MATERIAL FOR THE TASK below:

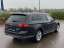 Volkswagen Passat 2.0 TDI 4Motion AllTrack DSG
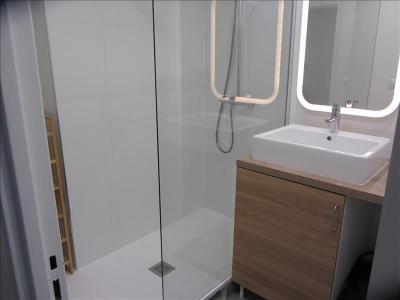 Louer Appartement Meudon 1290 euros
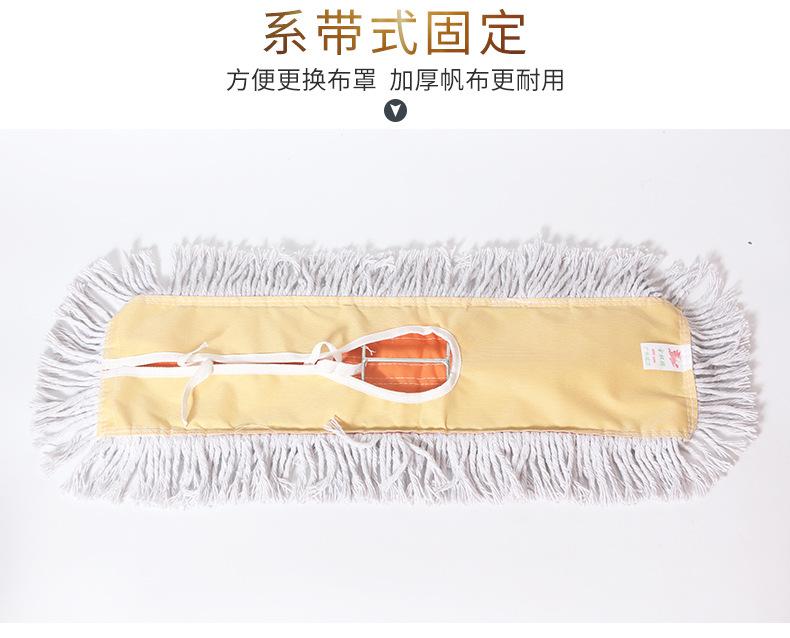 圣麒麟尘推套装详情页_06.jpg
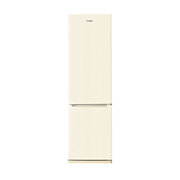 Samsung RL41SBMB 325 L Sand – image 3
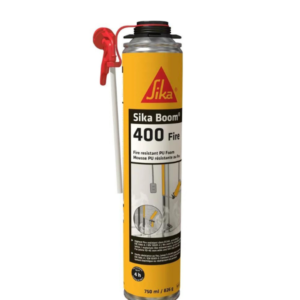 Sika Boom®-400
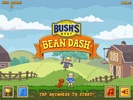 Bean Dash screenshot 10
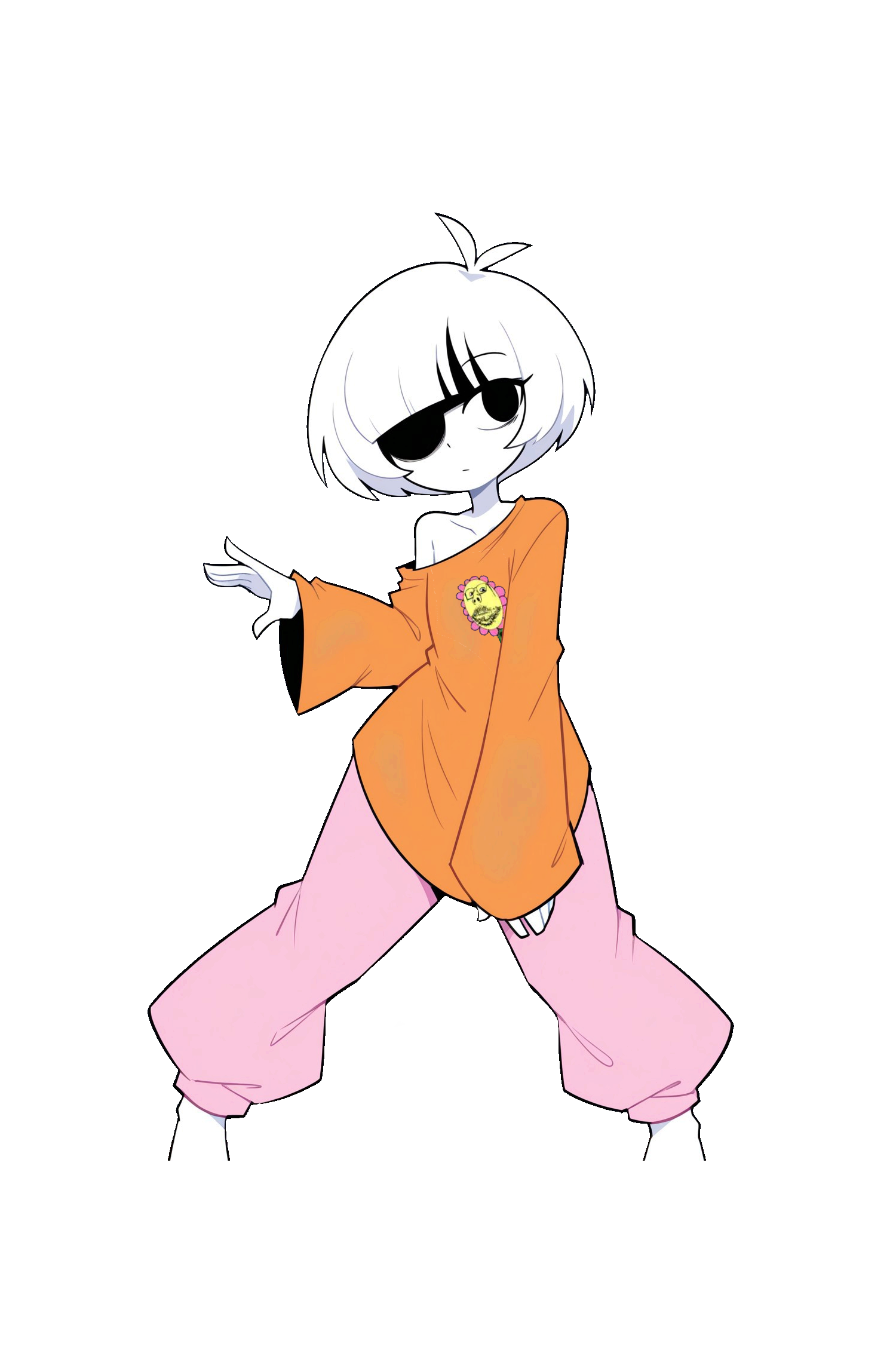 Untitled105 20250207162935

End of MATERIAL FOR THE TASK.

◆ **TASK REQUIREMENTS**: Could the lines from the one with "Samsung RL41SBMB 325 L Sand – image 3" through the last line of the material above be written out exactly, both included, with pictures left out?

◆ **RESULT**:
 Samsung RL41SBMB 325 L Sand – image 3
 Sika Boom®-400
 Bean Dash screenshot 10
 Untitled105 20250207162935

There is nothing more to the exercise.